Juan de Pablo's research and scholarly interests are focused on macromolecular systems, including polymers, DNA and RNA, proteins, and liquid crystals. His work entails developing molecular and multi-scale models of materials, which are used to understand their function and to design new systems for specific applications. He has developed a broad range of theoretical and computational frameworks, as well as mathematical algorithms, that are widely used for the study of condensed matter. A cross-cutting and critical aspect of this work has been to establish well-defined connections between molecular characteristics and macroscopic behavior.
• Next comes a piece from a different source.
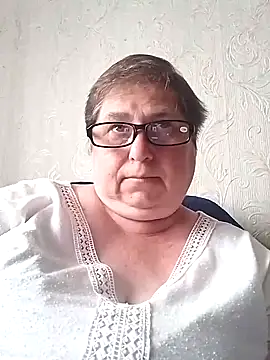 Snapshot of Nikusya-51 chatting on May 8, 10:09 am Nikusya-51 online show from May 8, 10:09 am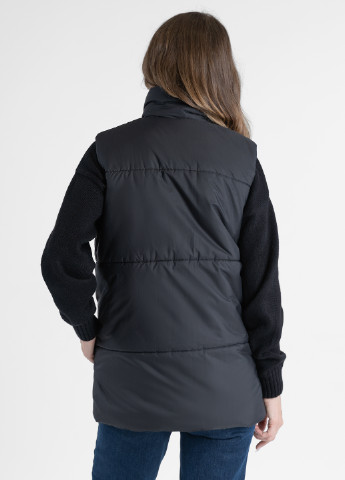 Куртка -жилет женская Arber vest deniza w (254641577)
In recent years, a growing emphasis has been to conceive new strategies for molecular and materials discovery that rely on emerging concepts from machine-learning and artificial intelligence, extensive experimental and computational data sets, and a combination of physics, chemistry, and engineering-based models. These strategies are have led to advances in a range of fields, such as drug development, epigenetics, defect control in advanced materials, and active matter, to name a few.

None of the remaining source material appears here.